Hi. I have a question about performance accessing a large number of small files on NetApp storage.
I'm considering the best way to store circa 3 million files, most of which will be just over 1k, that are accessed by virtual mahines. This will be a low-write high-read dataset. The VMs are on VMWare ESX datastores that are on NetApp storage and accessed over NFS. My alternatives are to either store all the small files in a VMDK (on a filesystem with 1k block size), or put them on a dedicated NetApp volume accessed directly by the VM over NFS.
With WAFL using 4k blocks, there will be some overhead on both storage size and read speed if accessed directly, but presumably there'll be the same overhead if they're in a VMDK. Are there any NetApp recommendations for how to best handle this type of dataset?
Hi, thanks for responding.

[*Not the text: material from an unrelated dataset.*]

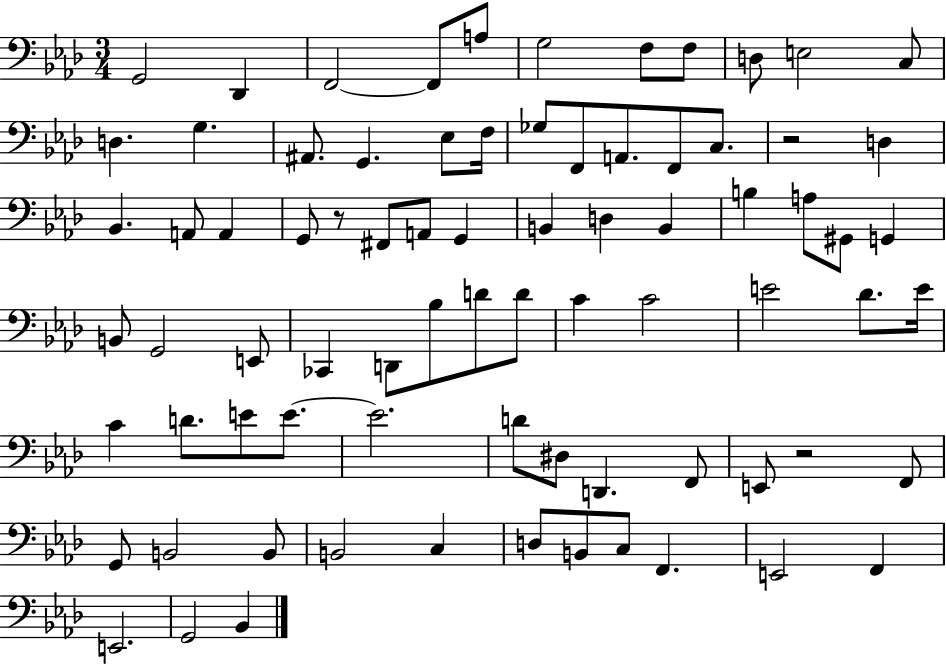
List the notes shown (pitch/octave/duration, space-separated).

G2/h Db2/q F2/h F2/e A3/e G3/h F3/e F3/e D3/e E3/h C3/e D3/q. G3/q. A#2/e. G2/q. Eb3/e F3/s Gb3/e F2/e A2/e. F2/e C3/e. R/h D3/q Bb2/q. A2/e A2/q G2/e R/e F#2/e A2/e G2/q B2/q D3/q B2/q B3/q A3/e G#2/e G2/q B2/e G2/h E2/e CES2/q D2/e Bb3/e D4/e D4/e C4/q C4/h E4/h Db4/e. E4/s C4/q D4/e. E4/e E4/e. E4/h. D4/e D#3/e D2/q. F2/e E2/e R/h F2/e G2/e B2/h B2/e B2/h C3/q D3/e B2/e C3/e F2/q. E2/h F2/q E2/h. G2/h Bb2/q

The existing dataset is flat, but there is a natural split of the data into 10 "layers" (equally-sized, I'm told), so yes this could be reduced to e.g 10 x 300,000-files instead of 1 x 3 million files if I could justify it in performance terms.
Re: WAFL performance - large number of small files
Are humans accessing the files, or is a software program accessing them? It sounds like you have some discretion. If it is a program, you may want to have more than 10 files – you may want to have a matrix of directories (i.e directories AA through 00 = 1296 folders, so for 3million files , 2314 files per), if your program can look up the location in an index.
I am not a high file count expert – I just have some familiarity with the problem domain from previous lifetimes where NTFS was my file system.
NetApp has a TR-3537 – Best Practices for High File Count environments , but it appears to be a NDA only document (not a committee I was on 😉 ). Your NetApp account team should be able to facilitate the steps to get you this document.
Thank you Matt, much appreciated. The files will exclusively be accessed by web servers, not humans. I may have some influence on the directory structure, but would prefer to kkep it simple from an application perspective.